This is one of the most recommended books for beginning one’s work on antiracism, so I worked through it in June. The book’s content was originally written as a 28-day Instagram challenge, and is thus brief with each chapter being only a few pages. The chapters are all structured similarly, first describing an aspect of white supremacy, then listing ways in which that aspect shows up, explaining why white readers need to look at that aspect, and ending with journaling prompts for the reader to reflect on how that aspect shows up in their own lives.
What is valuable (and challenging!) about this book is how it identifies the different aspects of cultural white supremacy and shows how they interact with each other to form a nearly impenetrable barrier for Black, Indigenous, and People of Color (BIPOC). In the first week, Saad covers White Privilege, White Fragility, Tone Policing, White Silence, White Superiority, and White Exceptionalism. Because white people tend to be fragile and uncomfortable about confronting their own privilege, and because white people put their own emotional needs above others, no conversation about race can occur (as well described in this article by Robin DiAngelo on “11 ways white America avoids taking responsibility for its racism”). If we can’t even talk about it, we certainly can’t do anything about it. As she puts it in a later chapter on Color Blindness,
“So often, white people see themselves as “raceless” or “normal”, with everyone else being a race or being other, that they fail to investigate how the idea of color blindness protects them from having to reflect on what it means to be white in a white supremacist society. When you refuse to look at color, you refuse to look at yourself as a person with white privilege.”
The third week’s content around Allyship was especially challenging for me, with its chapters on White Apathy, White Centering, Tokenism, White Saviorism, Optical Allyship, and Being Called Out/In. I uncomfortably resonated with Saad’s statement that “White apathy is the choice to stay in the warm and safe comfort of white supremacy and the privileges it affords” as I have been able to avoid antiracism work thus far due to my privilege and believing that not being actively racist was enough to make me a “good person”. As she adds later in the chapter, “There is no personal gain for people with white privilege to do this work and a lot to lose in terms of privilege and power.” And yet, if those of us with privilege and power do nothing, white supremacy will remain as the default.

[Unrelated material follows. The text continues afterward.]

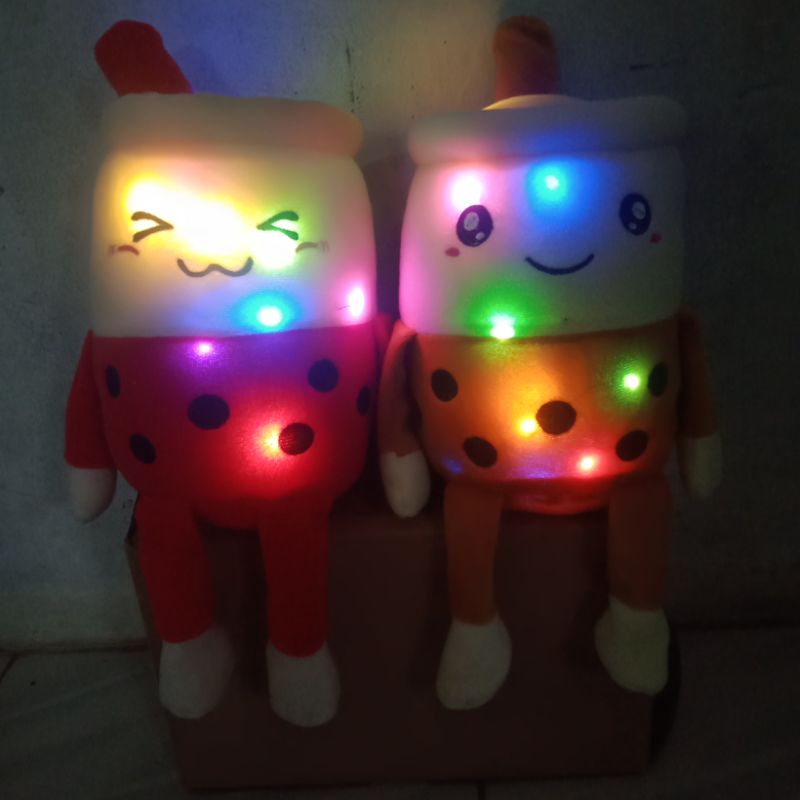 Boneka Boba bubble milk tea kaki tangan led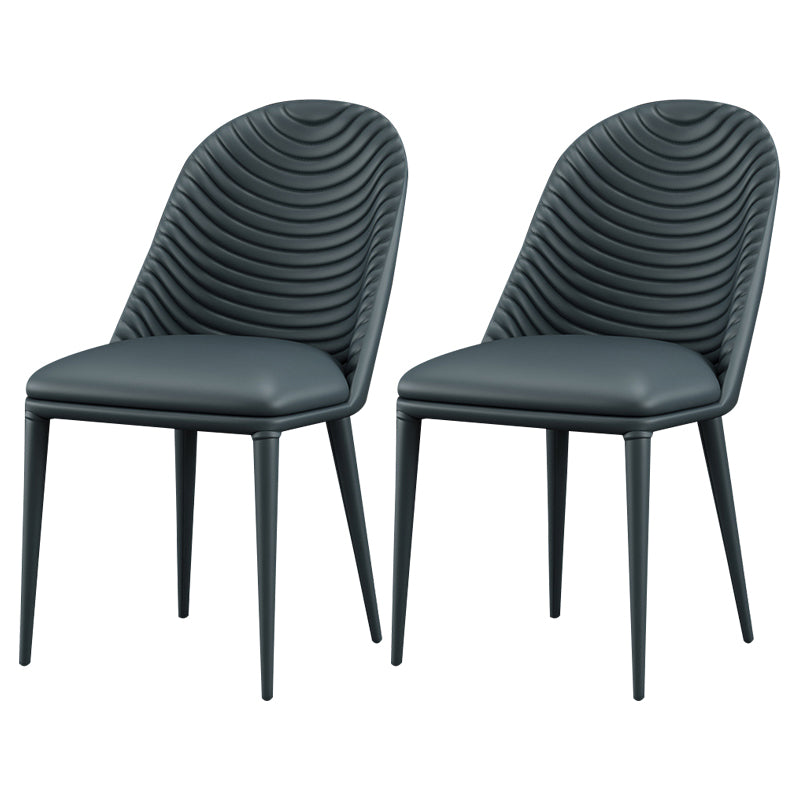 Sedia da pranzo in pelle parsons in stile designer parsons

I did appreciate Saad’s distinction that “allyship is not an identity but a practice”; in other words, I can’t be an ally, but can only seek to practice allyship consistently. She goes so far as to state that I can’t even judge whether I am practicing allyship, as only BIPOC can judge whether my practices are actually more in the realm of Tokenism or Optical Allyship or White Saviorism. She shares a definition of allyship as
- Taking on the struggle as your own
- Standing up, even when you feel scared
- Transferring the benefits of your privilege to those who lack it
In other words, if your allyship does not involve leaving your comfort zone and taking on risk, it’s probably not a true practice of allyship.
I felt a little lost after reading these chapters as I wanted to get out of White Apathy and practice allyship, but if I try to help Black people specifically, doesn’t that show up as Tokenism or Optical Allyship? And if I’m taking action as part of making myself feel better about practicing antiracism, isn’t that White Centering? So it helped when I got to the following quote at the end of the week:
“You will be called out/in as you do antiracism work. Making mistakes is how you learn and do better going forward. Being called out/in is not a deterrent to the work. It is part of the work. And there is no safety in this work. There has been no safety for BIPOC under white supremacy. … When (not if) you are called out/in, are you well-equipped enough to respond to it in a way that will help you learn and do better, or will you simply give in to white fragility and fall apart?”
I realized that my hesitations and doubts were me falling apart into White Fragility and Apathy and using perfectionism as a reason to avoid doing the work. Instead, the way forward is to start trying things, accept that I will get things wrong, and be willing to learn and grow from the experience. Or as I wrote on LinkedIn, do the work and do it in public.
Inspired by reading this book, I’ve started trying things that are a step out of my comfort zone, but I expect that each step will make it easier to take the next one. If you have thoughts or feedback for me, I aspire to this statement from that earlier Robin DiAngelo article: “I will take [feedback] any way I can get it. From my position of social, cultural, and institutional white power and privilege, I am perfectly safe and I can handle it. If I cannot handle it, it’s on me to build my racial stamina.”
I recommend Saad’s book if you want to understand the many different ways in which our culture reinforces white supremacy. Only by understanding and starting to confront these behaviors in ourselves can we start dismantling the cultural supremacy of whiteness.